America is great, so why aren’t we good?
De Tocqueville suggested that our greatness depends on goodness. We don’t hear much about the fundamental goodness that underlies our values, though political nods to the greater good power many of our national decisions for better and for worse. Some of the most contentious, hot button issues like immigration, LGBT rights, and climate control are attempts to take America’s goodness to the next level whether or not we agree that these things are in our best interest (see: When Is By the People, for the People Wrong?).

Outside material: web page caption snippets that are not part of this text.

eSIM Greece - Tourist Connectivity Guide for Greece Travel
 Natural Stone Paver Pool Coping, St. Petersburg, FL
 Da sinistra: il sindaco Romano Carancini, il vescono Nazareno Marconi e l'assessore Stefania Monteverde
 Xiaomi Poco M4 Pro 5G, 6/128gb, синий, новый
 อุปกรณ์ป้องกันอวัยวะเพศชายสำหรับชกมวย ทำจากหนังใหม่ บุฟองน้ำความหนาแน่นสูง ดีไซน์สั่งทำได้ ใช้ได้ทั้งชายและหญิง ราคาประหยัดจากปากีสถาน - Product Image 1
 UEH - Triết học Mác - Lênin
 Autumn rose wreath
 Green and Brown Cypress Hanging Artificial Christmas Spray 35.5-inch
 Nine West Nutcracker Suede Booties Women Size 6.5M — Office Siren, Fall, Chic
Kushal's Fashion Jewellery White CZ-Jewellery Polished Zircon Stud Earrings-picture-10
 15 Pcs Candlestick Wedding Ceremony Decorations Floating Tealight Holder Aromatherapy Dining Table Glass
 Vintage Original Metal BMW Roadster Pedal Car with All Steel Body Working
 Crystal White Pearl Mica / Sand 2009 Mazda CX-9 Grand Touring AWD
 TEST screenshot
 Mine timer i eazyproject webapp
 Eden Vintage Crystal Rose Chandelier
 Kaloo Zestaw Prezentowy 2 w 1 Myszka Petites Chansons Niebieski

The GOP chose the Fourth of July for an address about protecting the things that make America great. It turned out to be a warning about security threats and federal funding. Government spending doesn’t make America great, but Texas Rep. Will Hurd did make one simple comment during his speech that lies at the core of our greatness:
Of course, we’re fortunate to live here in the United State of America, a country where you can work hard and be anything you want to be.1
Being able to work hard and get ahead is a good thing. How we get there defines the current dialogue over what makes America good.
Restore, recreate, or revolt?
Marco Rubio wants a “new American century.”2 That’s not good enough for Bernie Sanders. He wants a revolution.3 Rand Paul wants to “unleash the American dream” and bring us freedom.4 Hillary Clinton wants to be our champion (see: Change America? Pander to the Bottom.). Does it speak to America’s greatness that when we go to the Internet to find out what our presidential candidates stand for we are immediately faced with a request for contributions and our personal information? The goodness of money, apparently, is at the root of greatness.
How much should we pay for American values?
If America is great then it is our values that make us good. How much are those values worth and which ones are worth spending on? It depends on who you ask.
No matter how much politicians like to deny political stereotypes, they are for the most part reliable and true. Social spending is the Holy Grail for Democrats. Republicans favor investing in business for top down prosperity. Neither of these things makes America great, but the ways these types of spending are finessed questions our goodness.
Equal opportunity, hard work, and prosperity are easily manipulated for political advantage. The liberal party line claims opportunity is denied on the basis of race, sexual preference, and economic status. Hard work can’t be rewarded unless the government intervenes, but prosperity can be secured for America’s underclass if we spend enough money in the right places.
In a country that values individualism, charges of oligarchy5 and elitism and demands to divest the upper class of a greater share of its wealth run counter to the liberty we claim to believe in. Bernie Sanders showcased the Declaration of Independence on his Senate website for the Fourth of July, but there is also a call to action against billionaires backed by these inflammatory remarks:
Our nation cannot survive morally or economically when so few have so much while so many have so little. We need a tax system which asks the billionaire class to pay its fair share of taxes and which reduces the obscene degree of wealth inequality in America,” Sanders said.6
Read those words one more time. Then ask yourself why a candidate who truly wants to make America a better place would link wealth to obscenity and then ask on his campaign website that you donate to his presidential ambitions before he even gets to the reasons he would be a good leader.7
This is why America is great
There will always be Americans who succeed no matter what. Our values make sure that happens.
Freedom and liberty are fundamental to what makes America great. How we protect these values is what makes us good or not so good. When a presidential candidate speaks his mind and the country responds with sanctions (see: Free Country Means You Had Better Agree, or Else), freedom is undermined. When a politician charges that we are living under an oligarchy and wants to be president so he can pass laws to divest Americans of their wealth, our liberty is jeopardized.
America is a fundamentally good place because Americans, for the most part, believe in values that inspire goodness. When we are convinced that the good things we hold true like liberty and individualism aren’t so good we risk losing our greatness.
There is not a politician born who knows better than the people what is good for this country. To our nation’s detriment, those who lust for the reins of power in the name of greatness too often show just how little they know about goodness.